Menurut dia, DPR sebagai lembaga yang menjalankan fungsi legislasi harus lebih berhati-hati dalam membuat Undang-undang. Jangan sampai DPR membuat Undang-Undang hanya menguntungkan pihak sendiri.
Baca Juga
"Putusan MK menjadi pelajaran penting untuk DPR. Undang-Undang jangan dijadikan alat kepentingan pragmatis mereka," kata Sebastian dalam diskusi 'MK dan Kejutan Terkait Pilkada' di kawasan Menteng, Jakarta Pusat, Sabtu (11/7/2015).
Advertisement
Dia menilai, cara DPR membuat atau merumuskan Undang-undang memiliki jangkauan yang pendek.
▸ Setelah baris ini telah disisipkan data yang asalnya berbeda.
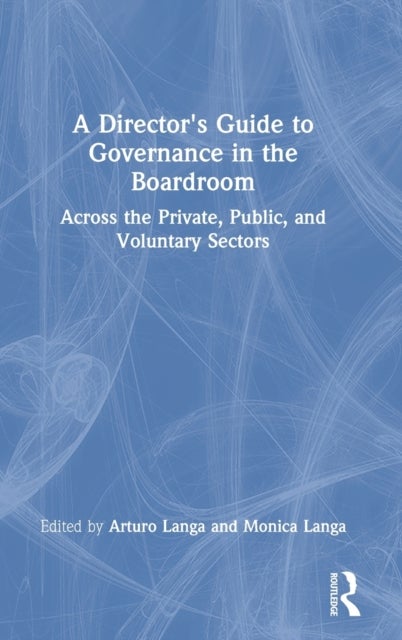 Bilde av A Director&#039;s Guide To Governance In The Boardroom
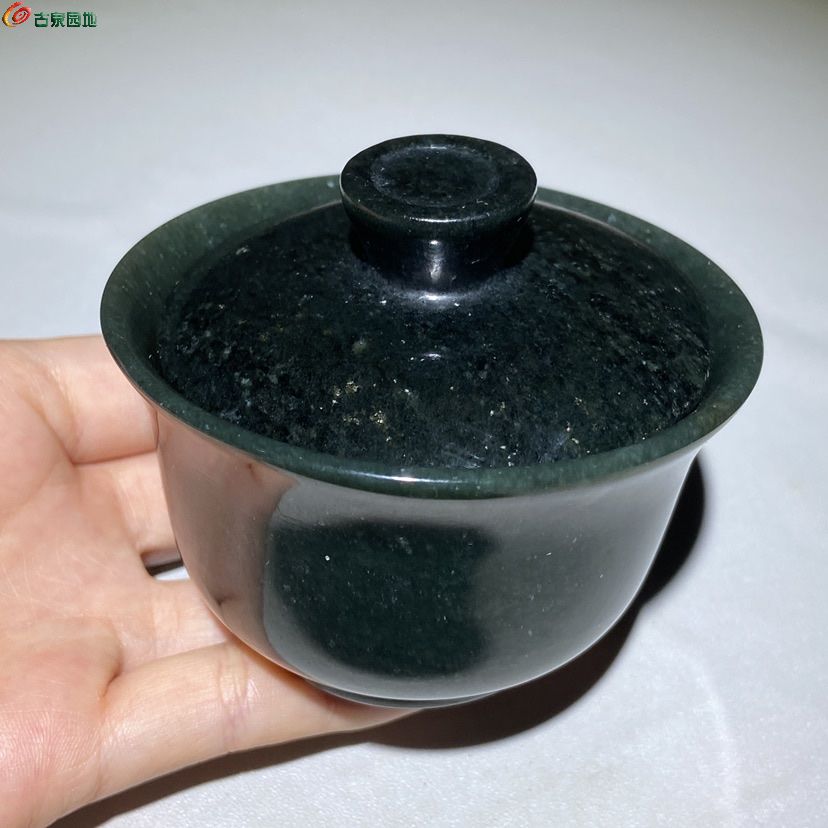 和田玉青玉茶碗摆件3.jpg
Seperti dalam Undang-Undang Nomor 8 tahun 2015 tentang Pemilihan Kepala Daerah (Pilkada) cenderung memberikan keuntungan sendiri.
"Contohnya adalah pegawai negeri sipil harus berhenti kalau mau maju, sedangkan DPR tidak harus berhenti," ujar dia.‎
Ketua MK Arief Hidayat saat membacakan amar putusan sidang mengatakan, pasal 7 huruf r dalam UU Pilkada bertentangan dengan dengan UUD 1945.
"Pasal 7 huruf r soal syarat pencalonan bertentangan dengan Pasal 28 i ayat 2 yang bebas diskriminatif serta bertentangan dengan hak konstitusinal dan hak untuk dipilih dalam pemerintahan," kata Arief, di Gedung MK, Rabu 8 Juli 2015.
Dengan demikian, keluarga incumbent atau petahana bisa mencalonkan diri sebagai kepala daerah. (Mvi/ein)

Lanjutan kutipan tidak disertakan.